Finally, I believe brief comment on several points mentioned in Judge Byer’s opinion contra dismissal is appropriate.

(1) The opinion contra dismissal discountenances dismissal of the complaint attributing serious importance to the “independent and broad prosecutorial discretion”5 of the Judicial Conduct Board and, in deference thereto, warns that “this court should not interfere with the exercise of that discretion.”6 This is a puzzling statement, for it is my understanding that it is a primary duty of this court to oversee the board’s exercise of its prosecutorial discretion and to dismiss complaints where, in this court’s view, the board oversteps its discretionary authority.7 Otherwise, it seems to me, the function of this court is *52reduced to that of minister or adjutant of the board bound to entertain any case which the board decides to dress with formal charges. That this is indeed the role to which the members who join the opinion contra dismissal would relegate, this court is manifested because, though acknowledging that this case should not be in this court,8 they nevertheless abide by their “non-interference” doctrine and would compliantly proceed to entertain it.

(2) The opinion contra dismissal notes, with disapproval, that this opinion “is based upon concepts of criminal law,”9 and, as cachet for its disapproval, quotes a line from this court’s opinion in In re Cicchetti, 697 A.2d 297, 307 (Pa.Ct.Jud.Disc. 1997): “It is settled in Pennsylvania that judicial disciplinary proceedings are not criminal in nature,. ...”101 believe a number of observations are called for on this point.

(a) While no issue is taken with the quotation — the statement is certainly true — the quoted language is contained in a paragraph where this court is calling attention to concepts of criminal law which do apply to judicial disciplinary proceedings. See Cicchetti, supra at 307.
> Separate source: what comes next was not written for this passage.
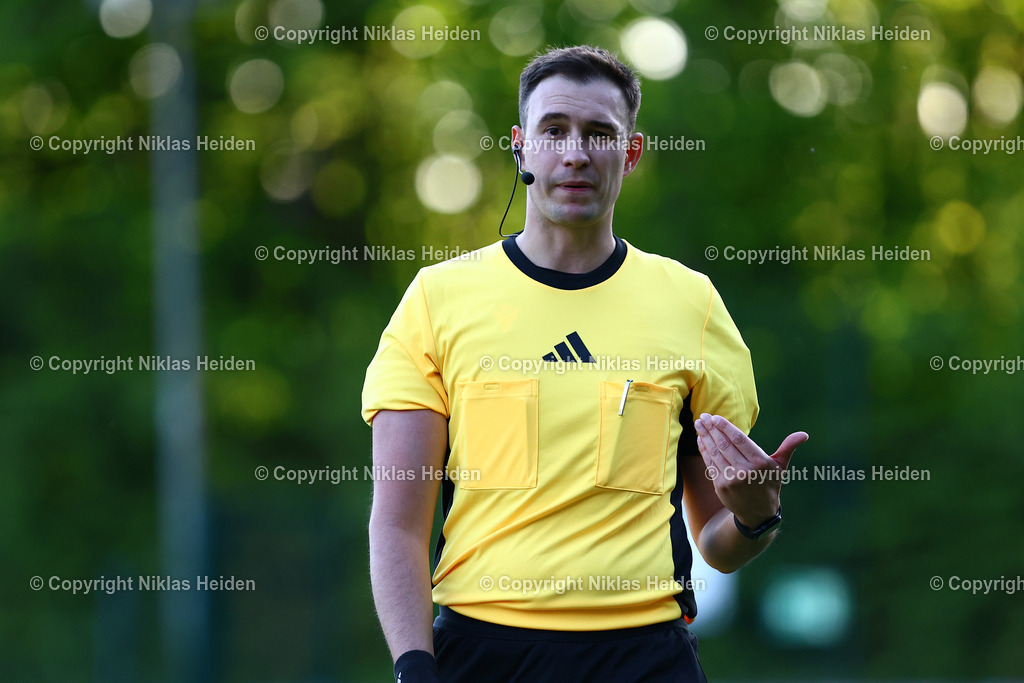 NH_HolsteinKielU19_FCHansaRostockU19_U19DFBNachwuchsliga_07052025 | Dominik Kopmann (Schiedsrichter)Fußball I Junioren I U19 DFB-Nachwuchsliga I Saison 2024-2025 I Hauptrunde Liga B, Gruppa A, 12. Spieltag I Holstein Kiel U19 - FC Hansa Rostock U19 I 07.05.2025 I Citti-Fußballpark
*53(b) This court’s opinion in Cicchetti draws copiously from opinions of other courts in criminal cases and rests its decisions respecting a number of issues on principles so gleaned.11

(c) The constitution itself engrafts principles of criminal law on these judicial disciplinary proceedings. For example, the constitution requires public and speedy trials in this court, prescribes that our proceedings be conducted “in accordance with the principles of due process” and provides that the subject of the charges “shall be presumed innocent.” Pennsylvania Constitution, Article V, Section 18(b)(5).

(d) I am aware of no statement in any of the opinions of this court (until now) expressing disapproval of our taking guidance from criminal cases.

(e) It is my understanding — it is my belief — that we should take guidance wherever we find it.12

(3) The opinion contra dismissal cites Commonwealth v. Coon, 695 A.2d 794 (Pa. Super. 1997) for the proposition that the mens rea discussed in this opinion is not a factor to be considered in determining whether to sustain a conviction of a crime in a criminal court. With all respect, it appears that Coon makes no such holding.

In that case, Coon’s next-door neighbor and a congregation of his guests were having a little target practice in *54the course of a birthday party. Apparently, the gunfire of the partygoers was interfering with Coon’s attempts at a midafternoon nap, so he ripped off a couple of shotgun blasts over the heads of the celebrators. For his efforts, Coon was awarded with a conviction of a misdemeanor of the third degree. In reversing the conviction, the Superior Court said:

“Appellant [Coon] alleges that the Commonwealth failed to prove that... he had the proper mens rea. We agree.
“To convict appellant... the Commonwealth was required to prove that appellant intended to cause substantial harm to the public or serious public inconvenience .... Here, the Commonwealth has failed to prove that appellant had the requisite intent to cause substantial harm to the public....
“Even if we were to determine that the ‘public was affected’ in this case, the Commonwealth would still be required to prove that appellant had the proper mens rea.” 695 A.2d at 798. (emphasis in original)

Thus, the court held that even if the neighborhood party was found to be “public,” the Commonwealth case fails if the defendant didn’t think it was “public.” So it would seem that the Superior Court of Pennsylvania has no more banished mens rea from the body of jurisprudence than has the Supreme Court of the United States.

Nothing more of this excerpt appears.